Appreciating Alfred Hitchcock: His 7 essential films

Few Hollywood directors become more famous than their films. Alfred Hitchcock was well known as a film director, but he earned celebrity status thanks mostly to his television series, Alfred Hitchcock Presents.

Many of his films have become famous in their own right. Psycho and The Birds have remained enduring pop culture landmarks, movies whose impact persists even four decades after their premieres. Films like Foreign Correspondent and Vertigo have grown in critical stature over the years, as well as constantly expanding their audience of admirers as new generations discover Hitchcock’s mastery.

Early on, when he was directing films in England, Hitchcock aligned his professional “brand” with suspense. It’s what he did well, and he knew it.

But he also understood human foibles and motivations, and he leveraged that understanding in how he built his stories and how he manipulated his audience. That’s why his films still work.
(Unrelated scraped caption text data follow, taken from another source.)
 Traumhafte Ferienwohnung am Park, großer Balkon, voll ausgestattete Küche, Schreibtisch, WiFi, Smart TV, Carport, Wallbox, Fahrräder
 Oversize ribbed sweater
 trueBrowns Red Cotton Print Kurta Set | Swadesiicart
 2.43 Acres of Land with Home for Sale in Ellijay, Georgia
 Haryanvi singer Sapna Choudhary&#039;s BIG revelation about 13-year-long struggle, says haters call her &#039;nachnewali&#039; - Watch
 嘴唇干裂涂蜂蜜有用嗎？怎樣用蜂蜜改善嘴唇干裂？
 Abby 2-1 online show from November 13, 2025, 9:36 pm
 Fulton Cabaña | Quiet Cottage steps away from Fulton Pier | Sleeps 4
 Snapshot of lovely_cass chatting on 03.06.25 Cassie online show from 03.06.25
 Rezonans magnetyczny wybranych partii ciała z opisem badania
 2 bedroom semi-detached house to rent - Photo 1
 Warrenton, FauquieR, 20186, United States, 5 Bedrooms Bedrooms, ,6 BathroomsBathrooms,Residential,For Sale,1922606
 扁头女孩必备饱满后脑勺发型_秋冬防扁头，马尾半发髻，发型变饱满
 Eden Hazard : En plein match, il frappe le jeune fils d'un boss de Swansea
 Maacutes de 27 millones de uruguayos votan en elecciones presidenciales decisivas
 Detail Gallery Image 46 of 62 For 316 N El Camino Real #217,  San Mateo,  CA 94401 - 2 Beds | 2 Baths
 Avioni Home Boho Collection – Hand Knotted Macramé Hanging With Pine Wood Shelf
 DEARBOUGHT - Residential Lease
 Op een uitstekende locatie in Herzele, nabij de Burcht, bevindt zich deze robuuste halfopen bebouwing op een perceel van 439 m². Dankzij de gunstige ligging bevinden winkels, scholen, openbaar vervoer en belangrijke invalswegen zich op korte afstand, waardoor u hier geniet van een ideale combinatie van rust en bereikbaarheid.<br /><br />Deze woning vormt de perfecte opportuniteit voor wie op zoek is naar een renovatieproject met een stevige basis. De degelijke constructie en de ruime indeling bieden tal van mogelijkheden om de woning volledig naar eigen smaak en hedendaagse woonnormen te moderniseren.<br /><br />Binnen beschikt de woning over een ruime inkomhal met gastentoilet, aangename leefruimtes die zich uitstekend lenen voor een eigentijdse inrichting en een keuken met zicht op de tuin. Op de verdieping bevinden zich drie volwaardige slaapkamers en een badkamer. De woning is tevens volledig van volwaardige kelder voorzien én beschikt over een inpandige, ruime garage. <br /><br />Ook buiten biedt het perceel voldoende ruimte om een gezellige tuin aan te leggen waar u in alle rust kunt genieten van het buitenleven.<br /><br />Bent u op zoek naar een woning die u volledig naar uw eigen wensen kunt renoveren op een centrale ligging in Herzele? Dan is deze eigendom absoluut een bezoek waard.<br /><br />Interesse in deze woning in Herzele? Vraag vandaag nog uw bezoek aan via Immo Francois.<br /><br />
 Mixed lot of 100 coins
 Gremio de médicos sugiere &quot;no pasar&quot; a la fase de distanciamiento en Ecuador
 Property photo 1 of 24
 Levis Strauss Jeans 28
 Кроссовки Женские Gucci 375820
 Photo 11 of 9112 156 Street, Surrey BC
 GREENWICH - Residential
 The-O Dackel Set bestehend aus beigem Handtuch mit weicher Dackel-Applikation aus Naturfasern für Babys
It’s why we can watch a Hitchcock “suspense” film again and again and be drawn into the story, even though we have repeatedly seen how things are going to turn out. It’s not the events of the plot that fascinate us, but how his characters respond to those events … because those characters are always us.

Here are Hitchcock’s seven “gotta see” films. If not his seven best, they are seven films that show us what Hitchcock did best: manipulate us gladly.

  1. Psycho (1960)
    The famous shower scene adds new meaning to the idea of invasion of privacy. Not many 50-year-old films hold up as well as this one has.
  2. North by Northwest (1959)
    Cary Grant is superb as the archetypal Hitchcock hero: the innocent man thrust into the wrong place at the wrong time who finds in himself extraordinary strength and ingenuity to overcome the bad guys. How do you survive an attack by a crop duster? Just ask Hitch ... and Cary.
  3. The Birds (1963)
    Mother Nature wreaks havoc on a sleepy California fishing town ... without warning or explanation. Irresistibly creepy. So many birds, so much anger.
  4. Vertigo (1958)
    This time, another everyman hero (played by James Stewart), finding himself caught in another web of deceit and danger, relies on haunted sexual obsession to reveal the truth. No wonder critics 50 years ago were perplexed with Hitchcock’s most complex and, ultimately, intense drama. And why is it that when you find a woman as beautiful as Kim Novak, she has to come with so much psychological baggage?
  5. The 39 Steps (1935)
    Still the most entertaining of Hitchcock’s pre-Hollywood films, The 39 Steps is perfectly cast (with delightful chemistry between Robert Donat and Madeleine Carroll) and almost perfectly paced. A roller coaster ride that’s engrossing throughout.
  6. Rebecca (1940)
    Far from a perfect film, but the supporting actors (most notably, Judith Anderson, George Sanders, C. Aubrey Smith, Reginald Denny and Leo G. Carroll) make this mystery about the first Mrs. DeWinter a delight to watch ... and re-watch. Oh, by the way, Laurence Olivier and Joan Fontaine, in the lead roles, are pretty good, too.
  7. To Catch a Thief (1955)
    Cary Grant, Grace Kelly and Monaco all look marvelous. This story of a framed cat burglar almost doesn’t deserve to be believed, but Hitchcock and his cast (plus Robert Burks’ Oscar-winning cinematography) pull it off.

Did you know...
that Jessie Royce Landis appeared in two Hitchcock films during her career, both of which are on this list? She played Cary Grant’s mother in North by Northwest, and was Grant’s future mother-in-law in To Catch a Thief. She also made one guest appearance on Alfred Hitchcock Presents.